CHARLESTON, W.Va. -- Kanawha County emergency officials hope a new way of treating heart attacks will save lives.
From now on, medics in Kanawha County who respond to patients in cardiac arrest will perform CPR for at least 20 minutes before transporting the patient to a hospital, said Dr. John Turley, medical director for the Kanawha County Ambulance Authority.
"Historically the way [cardiac arrest] patients were handled is, quickly loaded into the ambulance and hurried to hospital as fast as we could get there, and [medics] attempted to do CPR in the back of the ambulance," Turley said.
But research has shown that in the rush to get patients to the hospital, medics in ambulances were not doing effective CPR, Turley said.
Medics transporting patients also were losing valuable time that instead could be used for CPR, Turley said. During cardiac arrest, when the heart suddenly stops beating, causing the loss of blood flow to the body, minutes are critical, he said.

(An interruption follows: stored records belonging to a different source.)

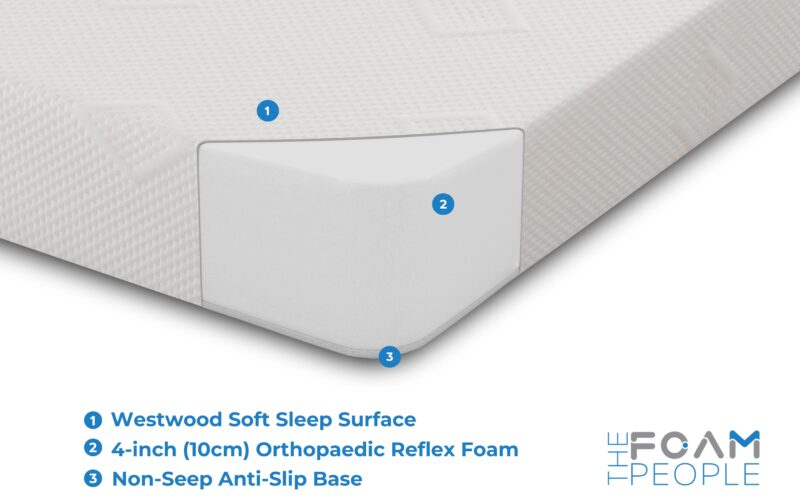Built to Last The Durability Advantage of Premium Foam Mattresses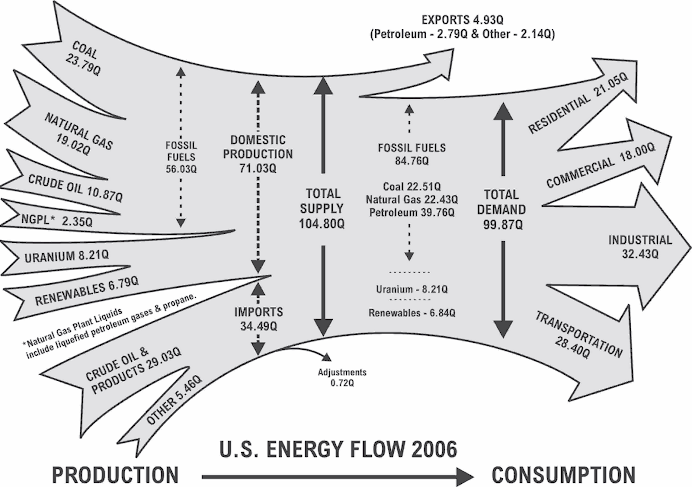 US Energy Flow in 2006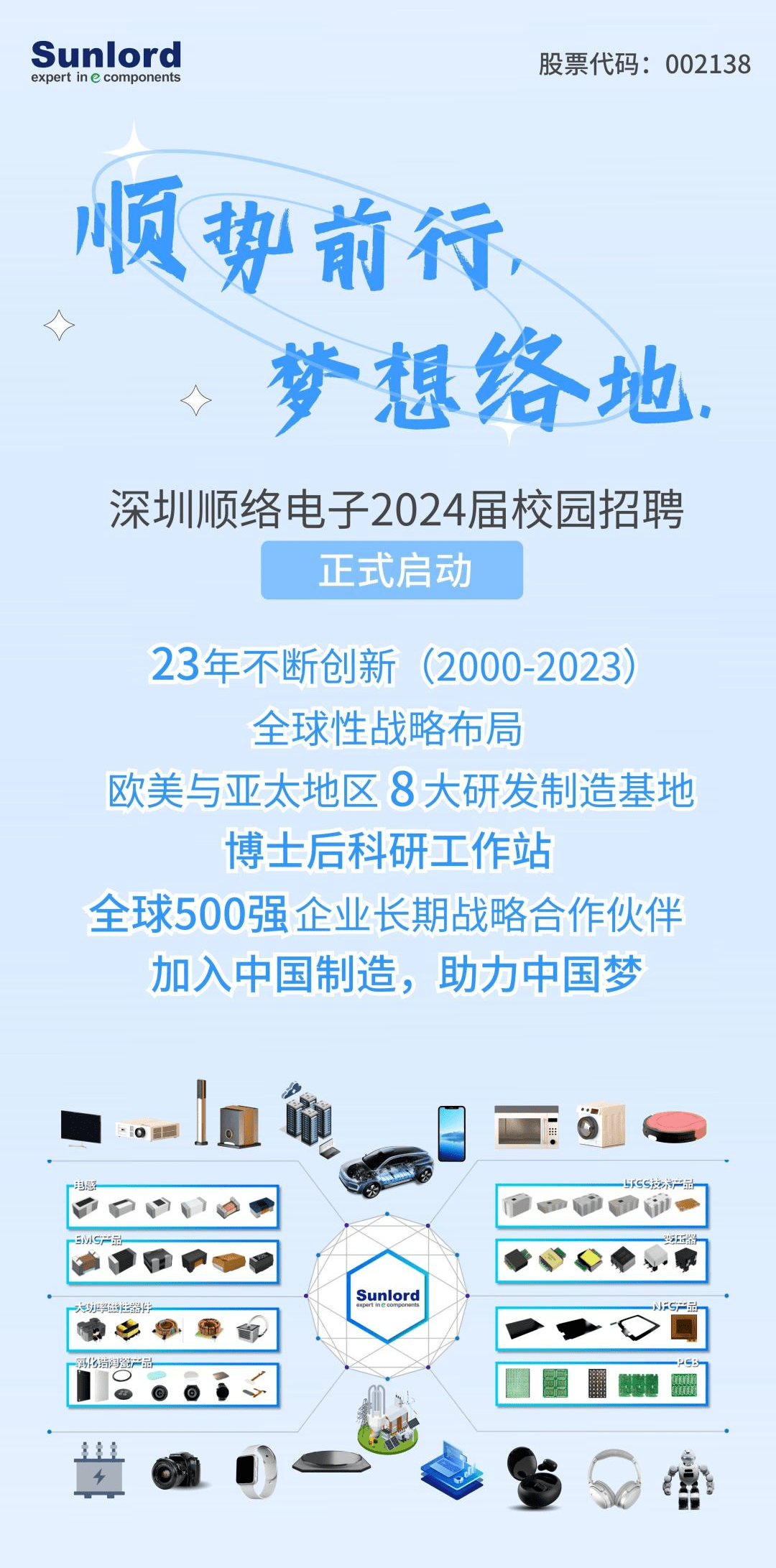观兰顺络电子最新招聘，领先科技企业的黄金加盟机遇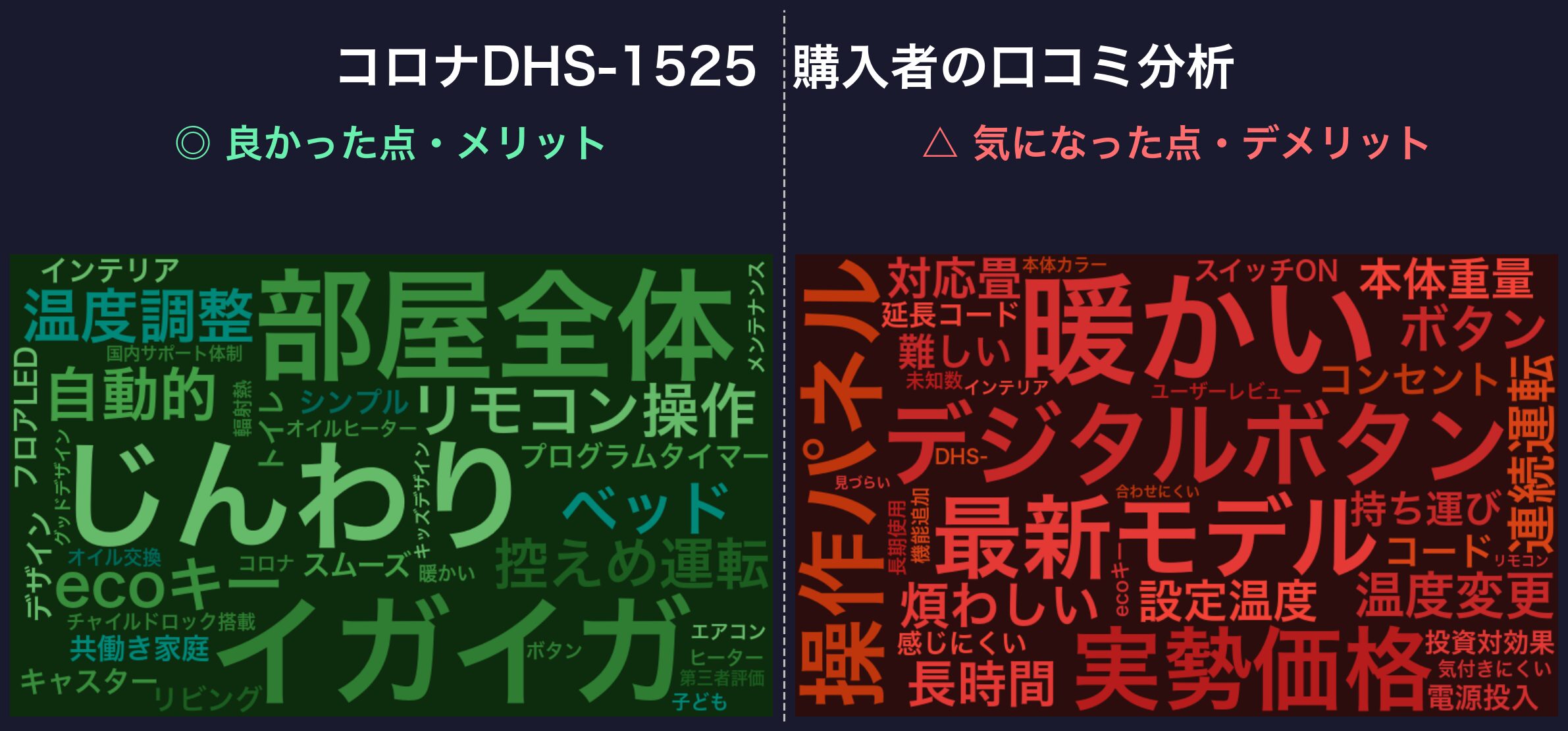 口コミワードクラウド:DHS-1525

Survival rates for cardiac arrest are low -- around 5 percent nationwide, Turley said. However, that survival rate increases to 12 percent when CPR is administered at the scene for at least 20 minutes, he said.
Ambulance officials plan to announce the procedure change at a news conference Tuesday, but the change went into effect Monday, Turley said.
"We're doing an announcement because it seems counterintuitive, not going to the hospital as soon as possible," Turley said. "But spending more time onsite doing the CPR, the patient has a better chance of long-term survival."